**Task objective:** Among the entries that follow, locate the line with "宿泊プラン限定の客室備品に含まれたボーネルンドのおもちゃ" and the line with "25 Kendallvale Drive photo 1". Output those lines and all lines in between, exactly, minus the pictures.

**Working data:**
+++
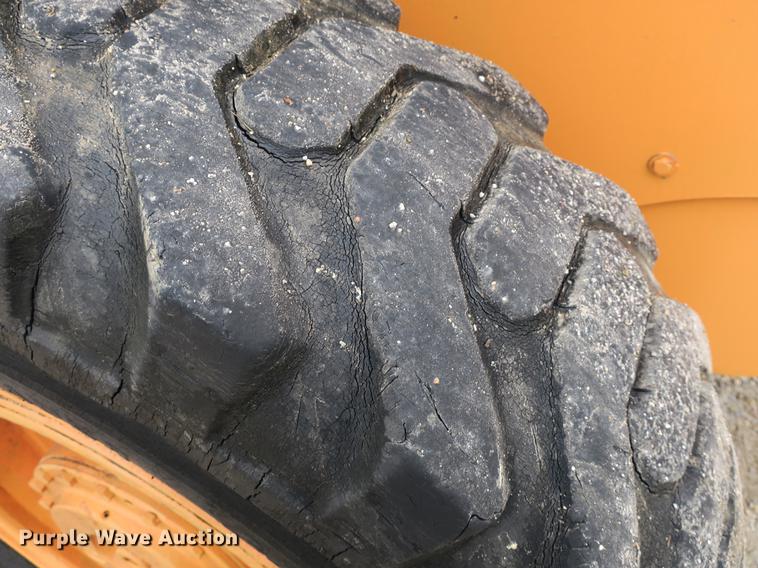 image for item DB8785 1981 Case W14 wheel loader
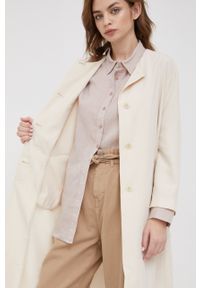 Sisley płaszcz damski kolor beżowy przejściowy. Okazja: na co dzień. Kolor: beżowy. Materiał: tkanina. Wzór: gładki. Styl: casual #2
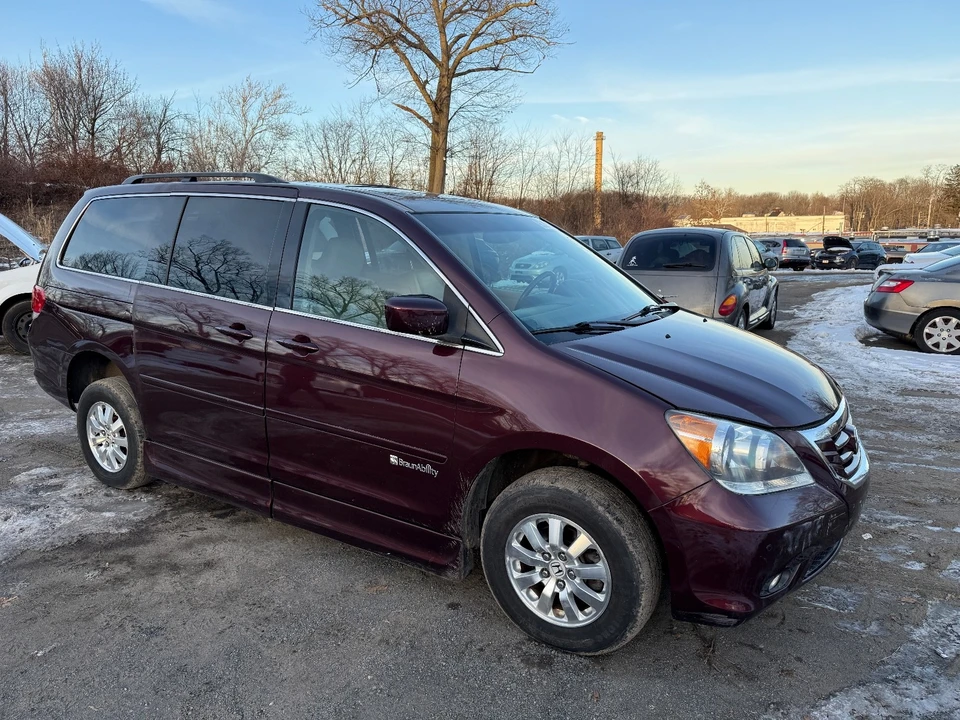 2010 Honda Odyssey - Image 6 of 20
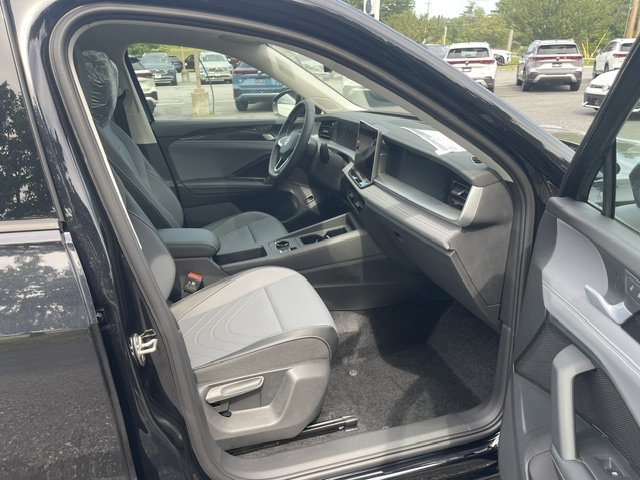 New 2026 Deep Black Pearl Volkswagen SE AWD image 6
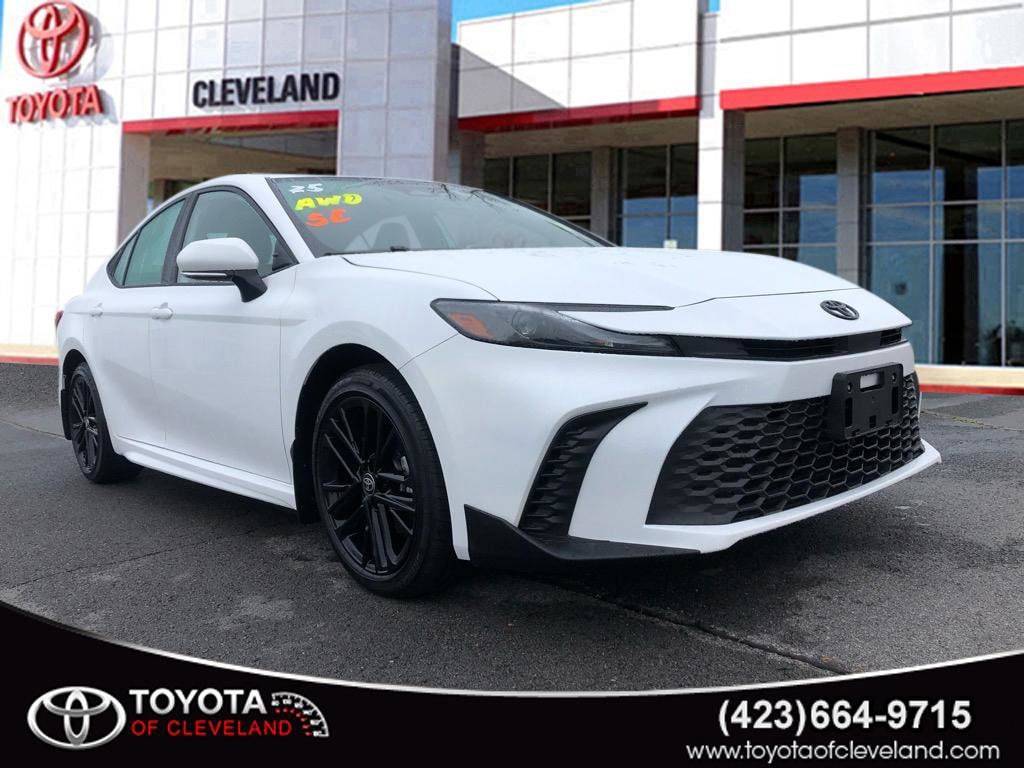 2025 Toyota Camry SE — Sedan — 16,980 mi — McDonald, TN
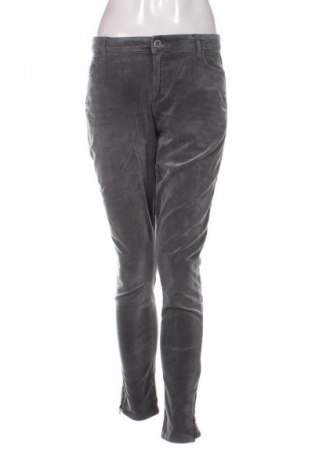 Дамски джинси Esprit, Размер L, Цвят Сив, Цена 48,99 лв.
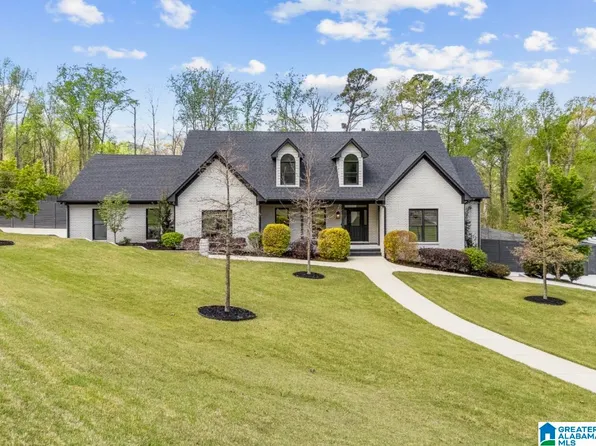 5556 Parkview Cir, Birmingham, AL 35242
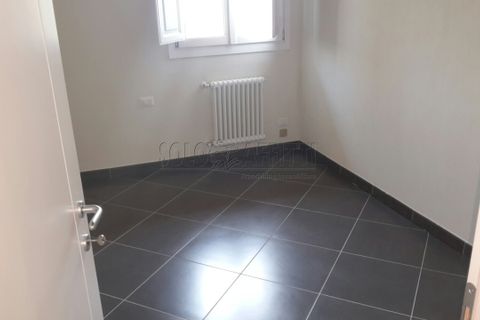 Apartament a Florence, Florence, Florence - € 1.150/mes | Ref: AA848 - foto 3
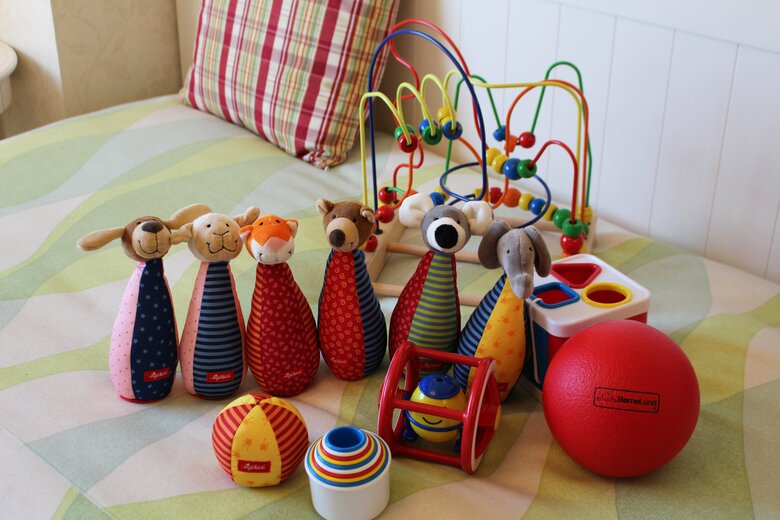 宿泊プラン限定の客室備品に含まれたボーネルンドのおもちゃ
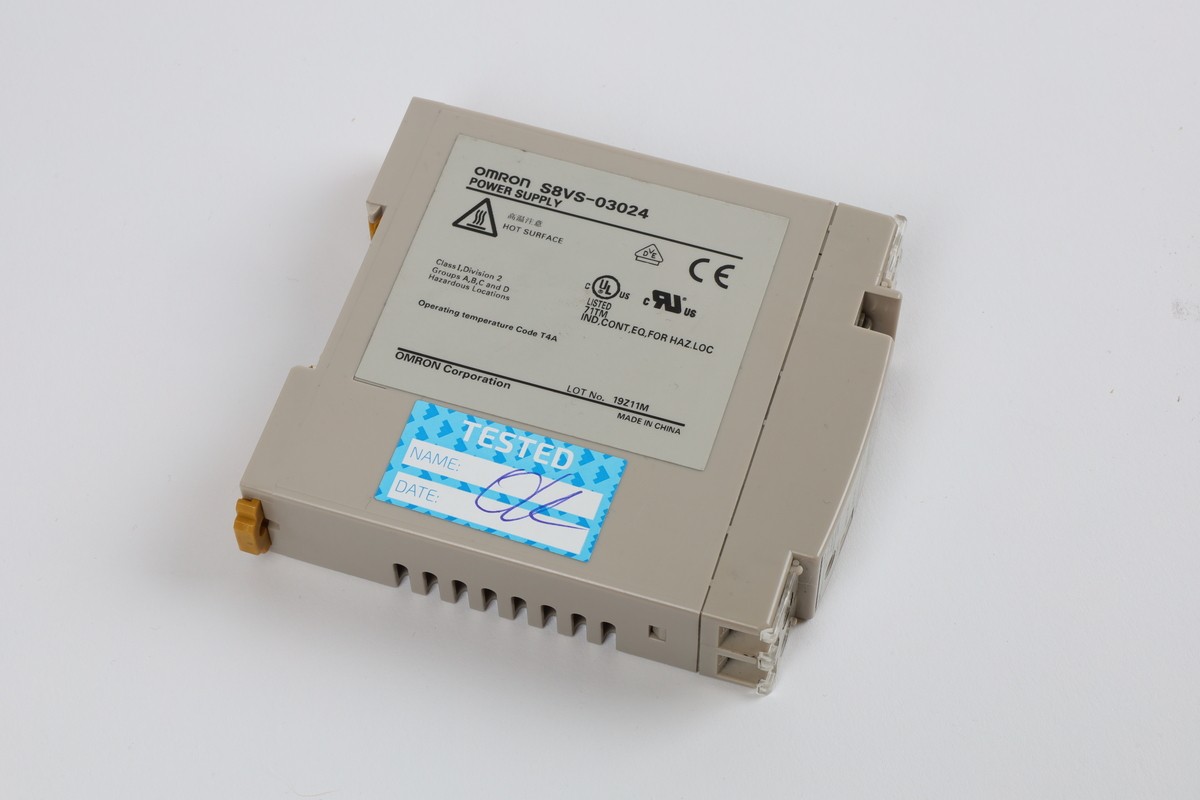 Reconditionné OMRON S8VS-03024 Processeur SPS [Garantie 24 Mois]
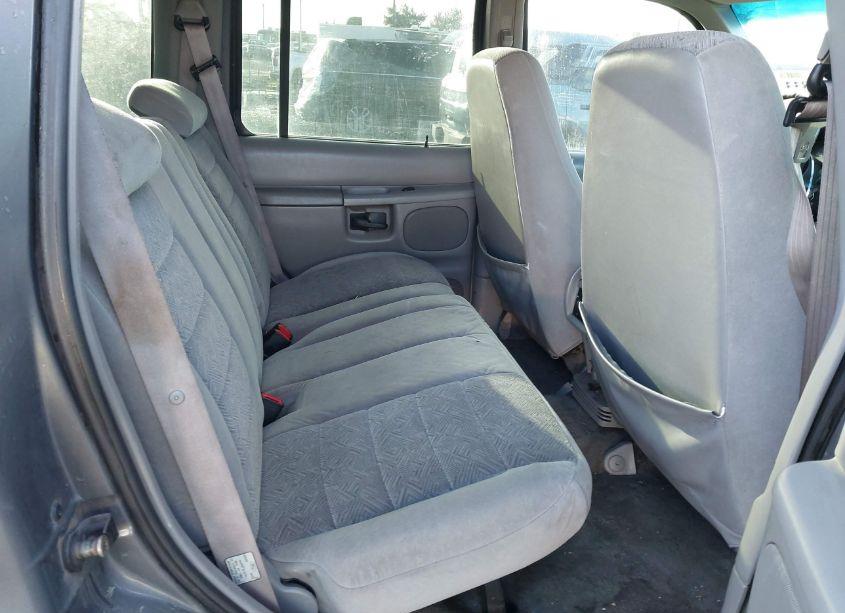 Photo 8 of 1999 Ford Explorer EDDIE BAUER/LIMITED/XLT (VIN 1FMZU35P2XZB35081)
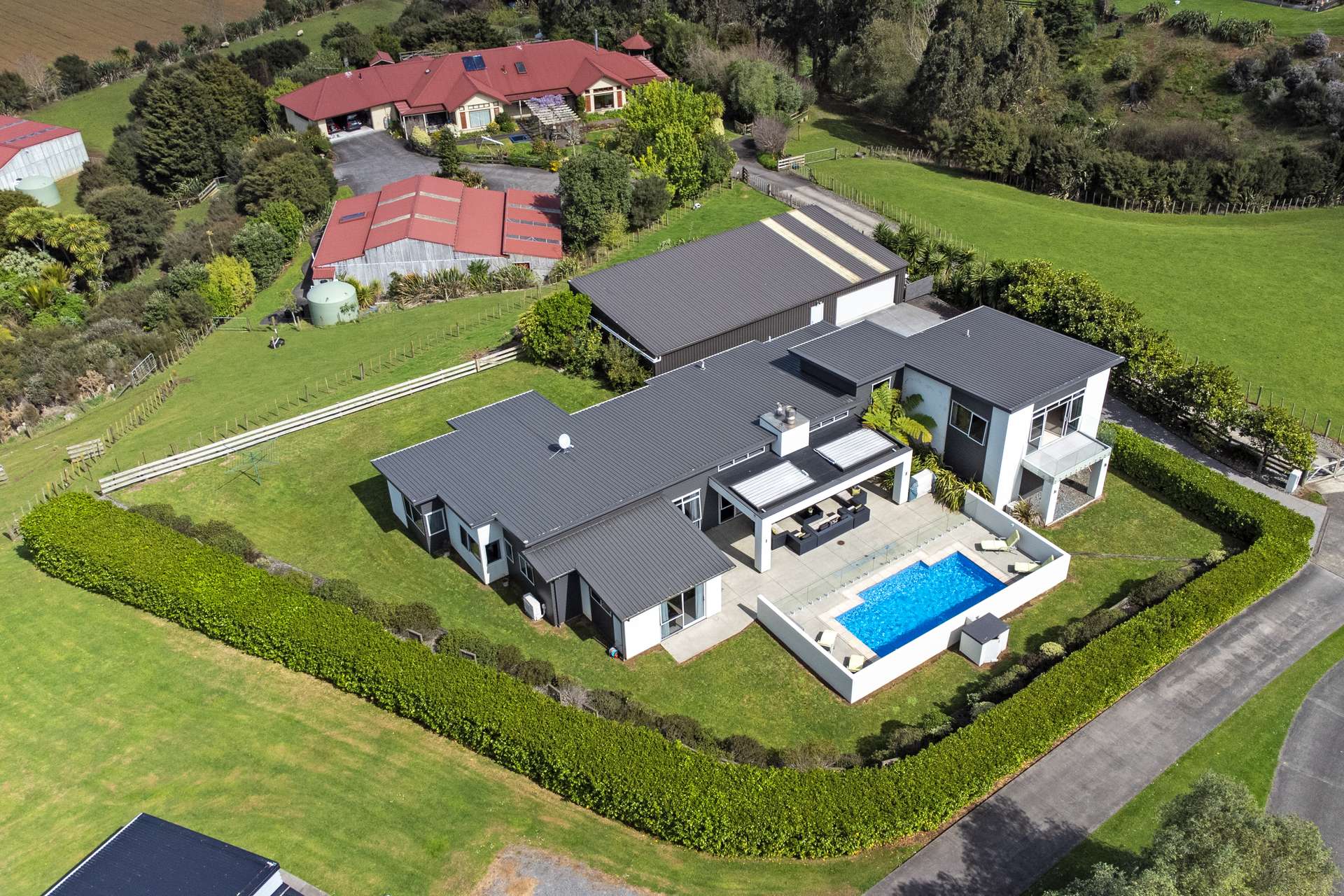 25 Kendallvale Drive photo 1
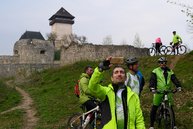 Spoločným výjazdom na trenčiansky hrad odštartoval 4. ročník vrchárskej koruny trenčianska, po prvýkrát aj pre ľudí s hendikepom - 20190410_VKT_TN_HRAD_foto_Radovan_Stoklasa_014w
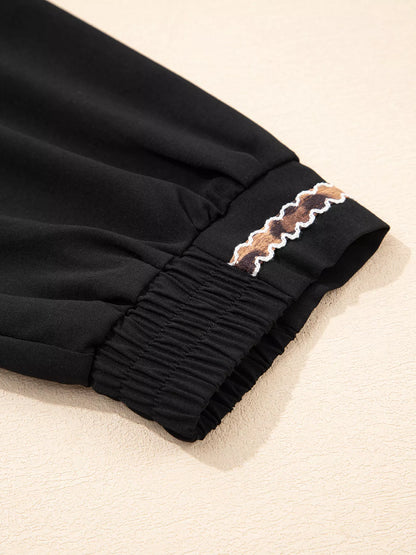 Contrast Trim Bracelet Sleeve Shift Mini Dress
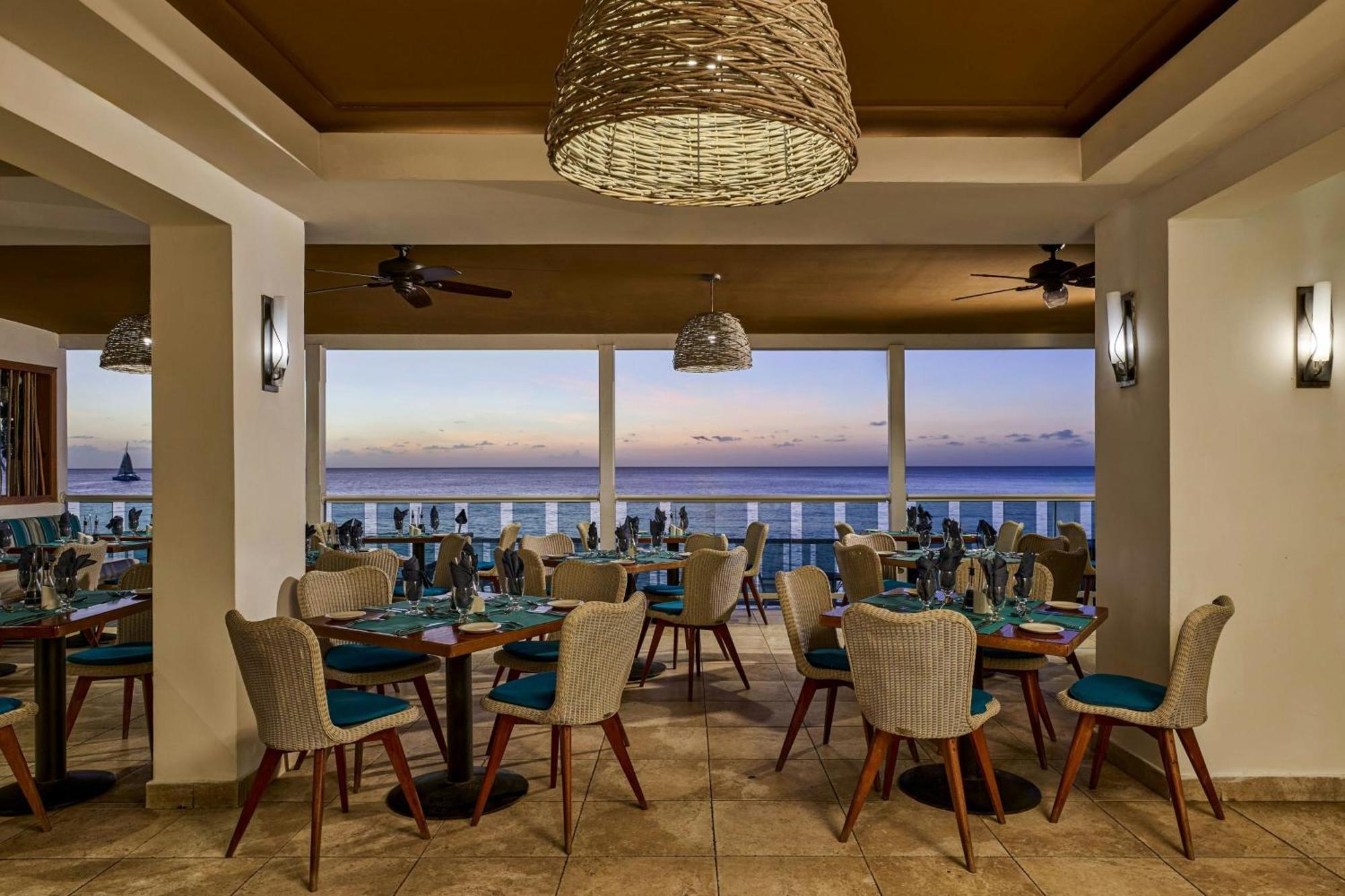 Waves Resort & Spa, Barbados, An Autograph Collection All-Inclusive Resort Άγιος Ιάκωβος Εξωτερικό φωτογραφία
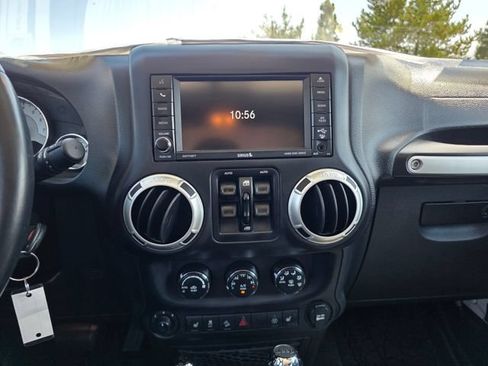 Used 2017 Jeep Wrangler Unlimited Rubicon w/ Connectivity Group AWD/4WD image 24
+++
**Task result:**
 宿泊プラン限定の客室備品に含まれたボーネルンドのおもちゃ
 Reconditionné OMRON S8VS-03024 Processeur SPS [Garantie 24 Mois]
 Photo 8 of 1999 Ford Explorer EDDIE BAUER/LIMITED/XLT (VIN 1FMZU35P2XZB35081)
 25 Kendallvale Drive photo 1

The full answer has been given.